Let us remember that the designer of an AI therefore has this last safeguard: if his creation does not respect human values, it will naturally be rejected. This will most likely be the case in general, but society is not free from strange individuals, for whom “putting the cat in the oven” remains an acceptable possibility.

What about “true” AI?

Stuart Russell traces a path leading to techniques for respecting human values. It preempts any concerns we may have before we express them in our own way.

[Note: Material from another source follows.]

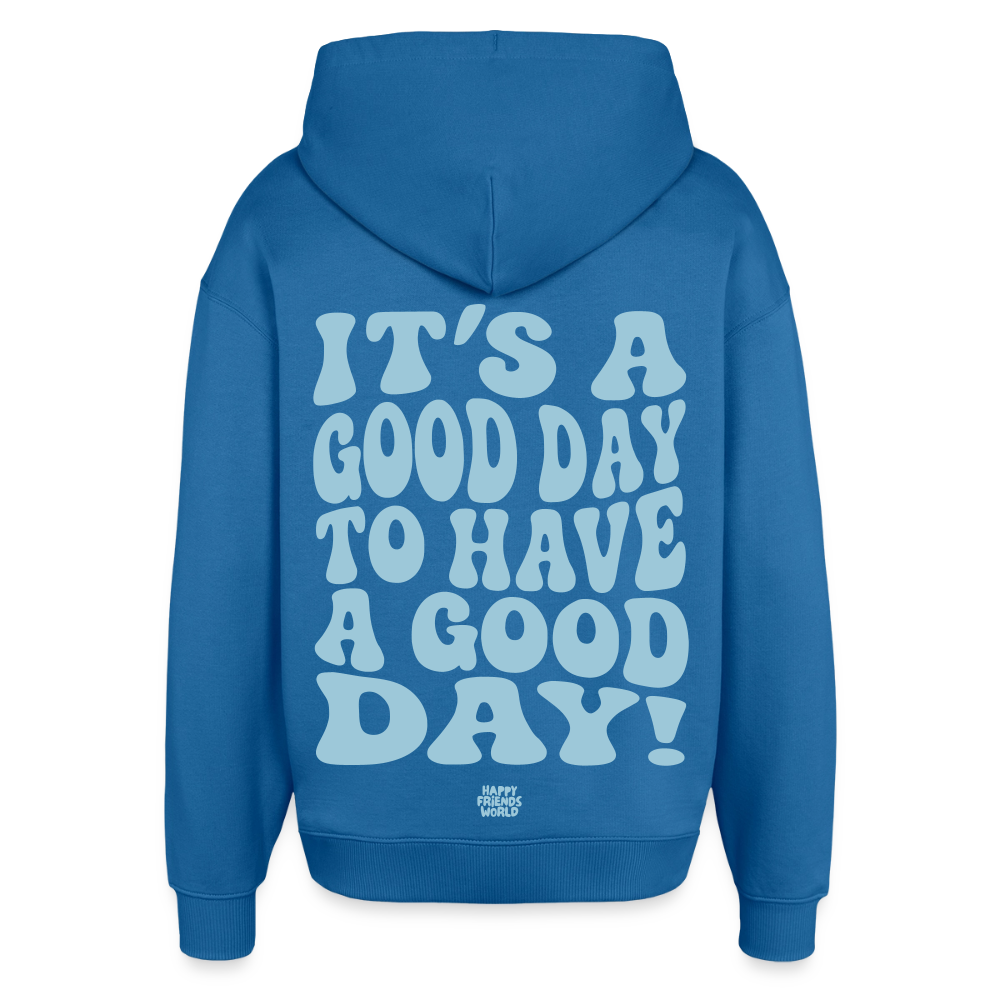 OVERSIZED Bio-Hoodie Unisex GOOD DAY - Achtsames Blau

But basically, even if these questions are far from being resolved, we share Stuart Russell’s feeling that there is no essential difficulty when we speak about “weak” AI. On the other hand, all AI researchers share the same problematic horizon (which no one knows, apart from a few gurus, if it can be reached): a machine capable of reflexivity, improving on its own, faster and much better than could have done it, to the point of overtaking us.

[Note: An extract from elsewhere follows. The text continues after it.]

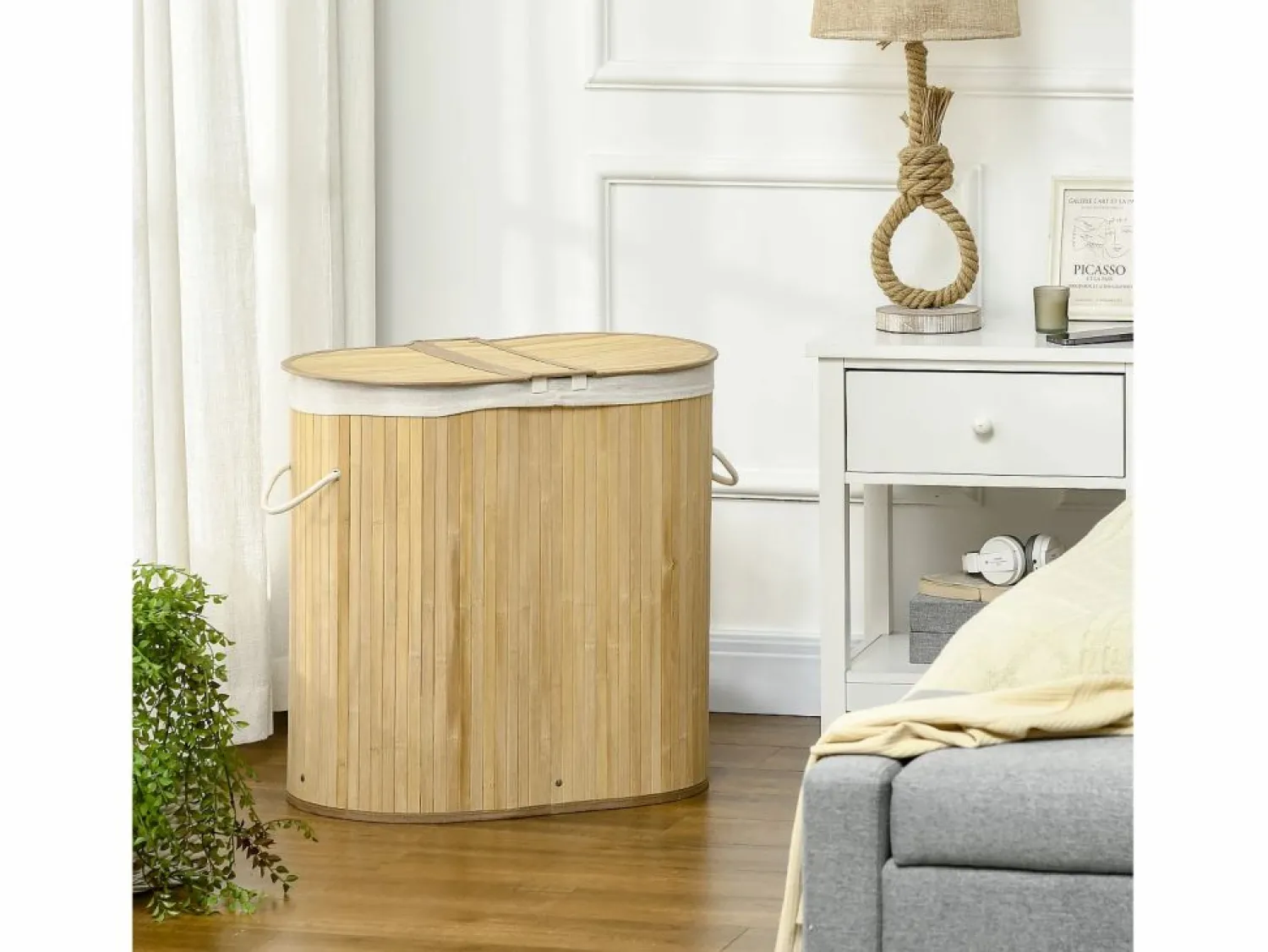 Discount Cesta para la ropa con tapa, 2 compartimentos extraíbles, bambú natural, organizada y ventilada (62,5 x 37 x 60,5 cm) Cesto De Ropa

Stuart Russell: Could you prove that your systems can’t ever, no matter how smart they are, overwrite their original goals as set by the humans? […] that’s a serious problem if the machine has a scope of action in the real world. […] They will rewrite themselves to a new program based on the existing program plus the experience they have in the world. What’s the possible scope of effect of interaction with the real world on how the next program gets designed? That’s where we don’t have much knowledge as yet.

The AI researcher reaches a limit here that he can never overcome alone. Let us remember that, when we hear Elon Musk raising alarms every two weeks, beyond that he does it in his own interest, it is this limit that he evokes, this horizon of the machine which is reprogrammed in the real world, like a living being.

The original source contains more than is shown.